Similarly, awareness of healthcare options for best value in resource-constrained environments needs much critical self-examination in equitable investment of resources; each community must decide for itself what its choices are. Societal priorities may sometimes be fraught with danger prior to birth (e.g., selective prenatal female infanticide) or in childhood (e.g., ritual scarring, piercing, and genital mutilation). Societal education, including that of the growing body of stakeholders in newborn medicine, should seek to keep up with the rapid advancements in knowledge necessary to alter our attitudes and practices. An understanding of the rapidly shifting sands of mental health and substance use in populations is key to serving our newborns and families well.
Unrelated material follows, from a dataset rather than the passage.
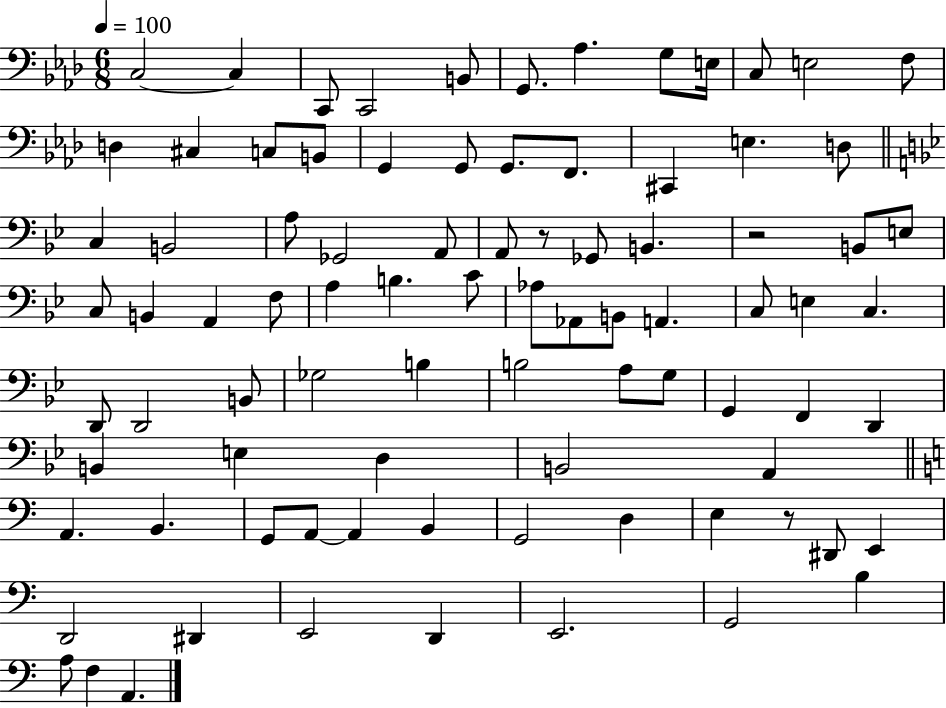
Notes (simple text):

C3/h C3/q C2/e C2/h B2/e G2/e. Ab3/q. G3/e E3/s C3/e E3/h F3/e D3/q C#3/q C3/e B2/e G2/q G2/e G2/e. F2/e. C#2/q E3/q. D3/e C3/q B2/h A3/e Gb2/h A2/e A2/e R/e Gb2/e B2/q. R/h B2/e E3/e C3/e B2/q A2/q F3/e A3/q B3/q. C4/e Ab3/e Ab2/e B2/e A2/q. C3/e E3/q C3/q. D2/e D2/h B2/e Gb3/h B3/q B3/h A3/e G3/e G2/q F2/q D2/q B2/q E3/q D3/q B2/h A2/q A2/q. B2/q. G2/e A2/e A2/q B2/q G2/h D3/q E3/q R/e D#2/e E2/q D2/h D#2/q E2/h D2/q E2/h. G2/h B3/q A3/e F3/q A2/q.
Awareness of preventable mortality and morbidity, investments in family planning, palliative care, and pediatric hospice while embracing missed opportunity for contribution to big data from “minority” populations give the healthcare community much to ponder, plan, and act upon as we embark on the third decade of this new millennium.
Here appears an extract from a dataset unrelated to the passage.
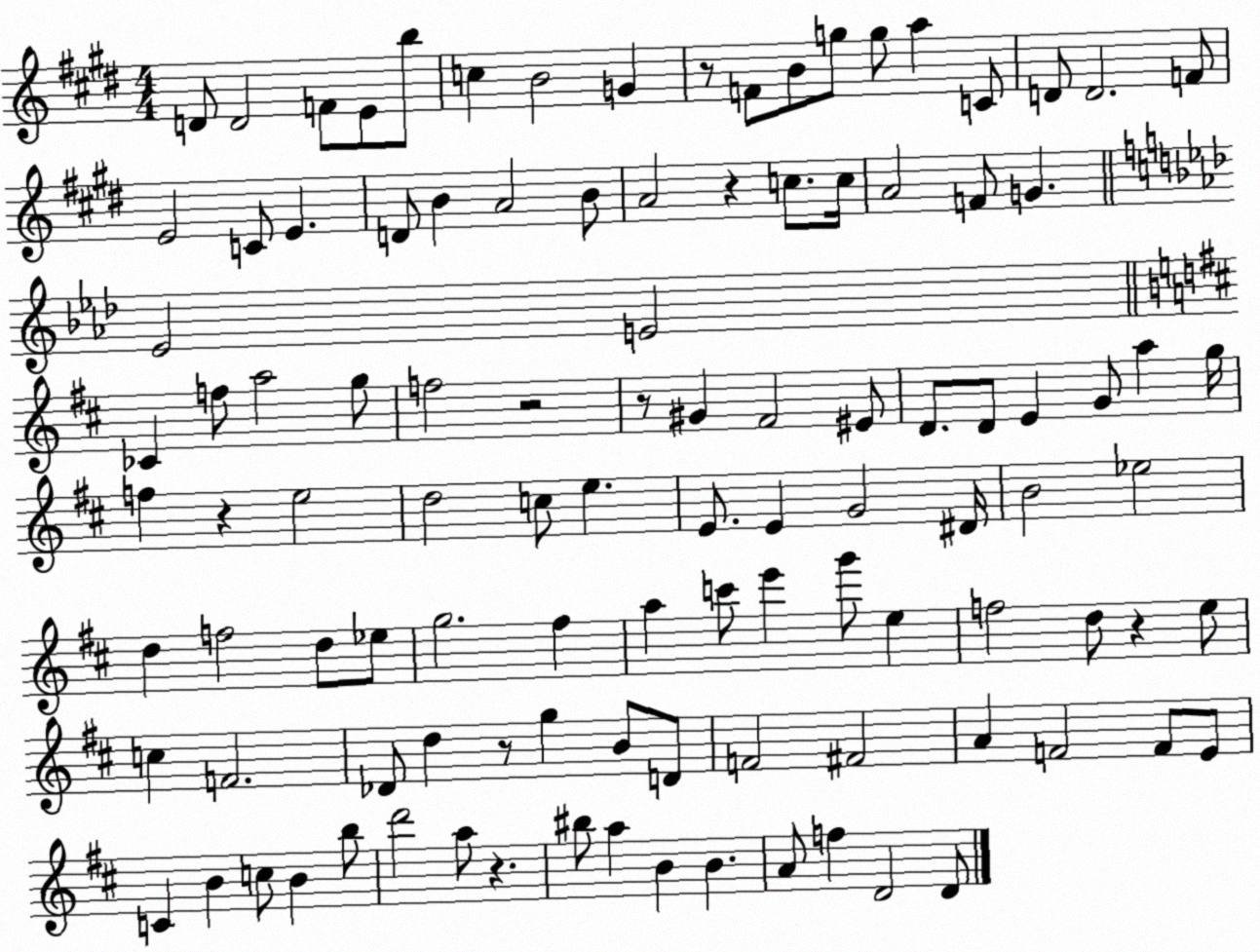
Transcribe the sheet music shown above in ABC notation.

The moment of birth represents a triumphant opportunity for hope and joy for the family, community, and our species. Healthcare providers and systems need to build birthing facilities on this concept, providing optimal approaches to couplet care, early optimal bonding and nourishment with a deliberate focus on eliminating unnecessary interventions or needless mother-infant separation at birth or thereafter. High-risk pregnancies managed in regionalized perinatal systems provide opportunity for optimizing outcomes in the minority of situations that require focused devotion of resources and expertise to minimize morbidity and mortality, while providing kindness and supportive palliative care to that very small group unlikely to enjoy pleasure or endure pain, harm, and prolongation of suffering from any measure of care.